The world that Lisa occupies includes teachers – played by Matt Damon (who crosses a forbidden line when Lisa seeks his advice as the only truly adult man she knows, Matthew Broderick whose class discussions over literature are brittle and acerbic and deeply disturbing – her introduction to adolescent needs and physical incidents at the hands of John Gallagher, Jr. (now of The Newsroom fame), Paul (Kieran Culkin) – her relationship with her needy single mother Joan whose newly dating Ramon (Jean Reno), her contact with the deceased's friend Emily (Jeannie Berlin – brilliant), and the deceased's only family – all in an attempt to somehow set things right but Lisa admitting that she is as responsible for Monica's death as is Maretti.
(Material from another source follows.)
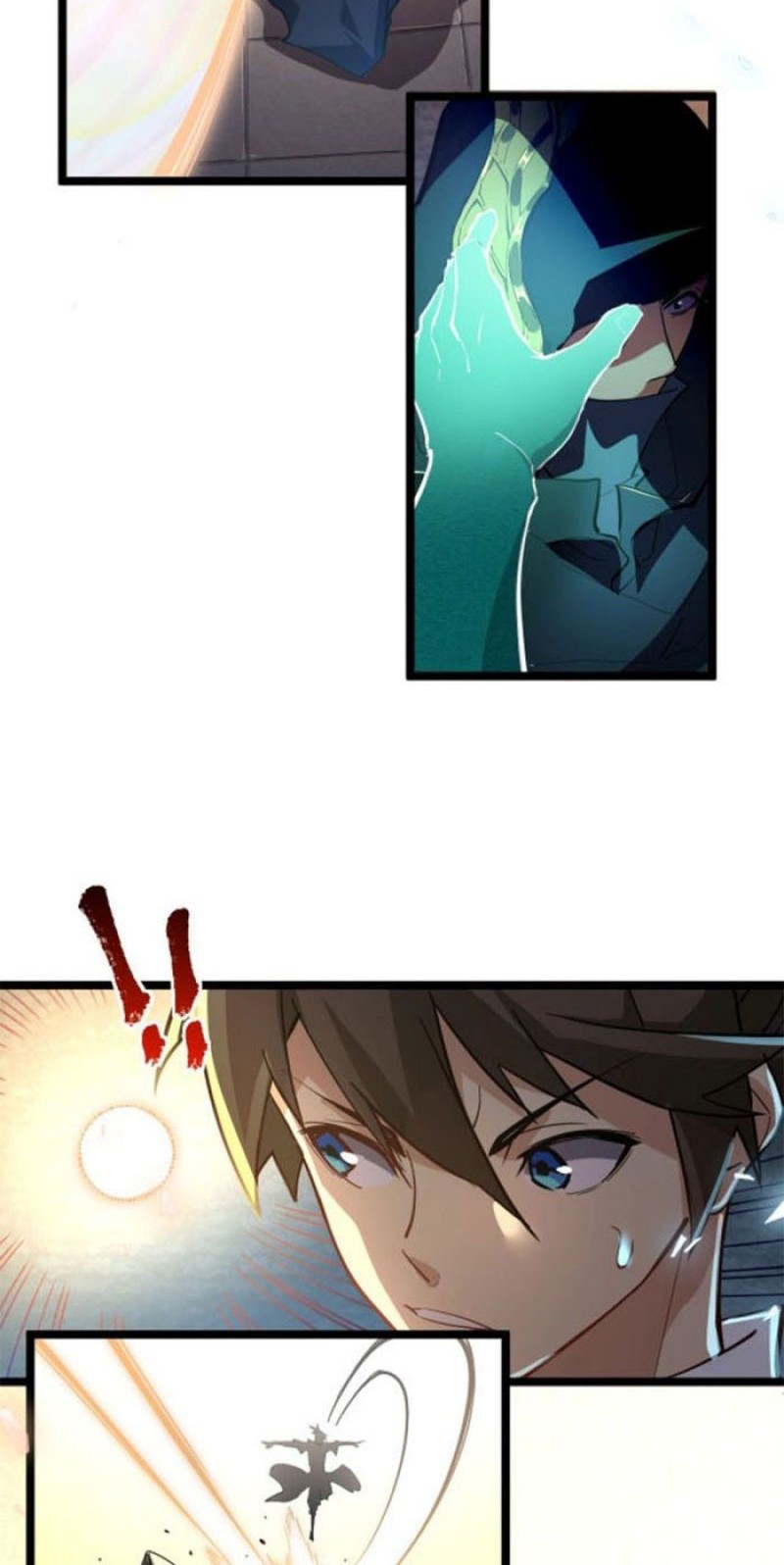 Immortal Path Of The Beast Chapter 1 - halaman 39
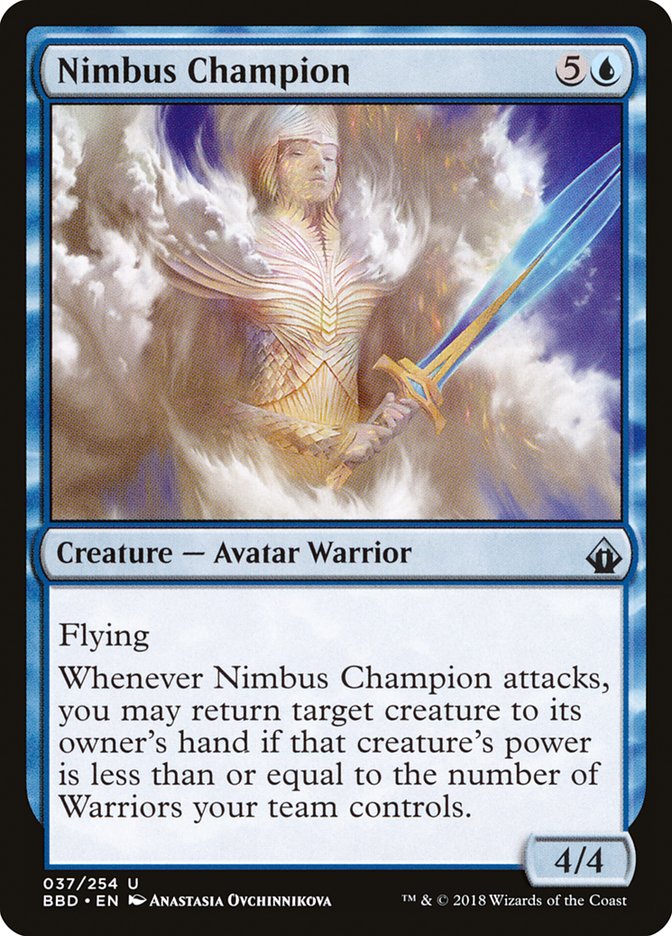 Nimbus Champion [Battlebond] | Good Games North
But the world outside can't cope with anything but financial compensation as the resolution to Lisa's angst.
There are many other characters brought to life by some VERY fine actors and the stunning musical score by Nico Muhly includes moments at the Metropolitan Opera where we actually get to see and hear Christine Goerke as Bellini's Norma singing 'Casta Diva' and Renée Fleming and Susan Graham singing the Barcarolle from Offenbach's Tales of Hoffman, allowing the opening and closing of the film to be accompanied by a quiet guitar piece, as well as proving Muhly's very highly accomplished music to underscore the moods of the film. The cinematography by Ryszard Lenczewski underlines the tension – form the imagery of slow motion crowd movement in New York during the opening sequences to the stabilization of important encounters between the characters. A lot is said and screamed and the level of communication and actions by Anna Paquin's Lisa alienate the audience at times, but the film makes some very solid statements about how we are acidly interacting or not connecting in our current state of society. That deserves attention. The film requires a lot form the audience, but in this viewer's mind it is well worth the time.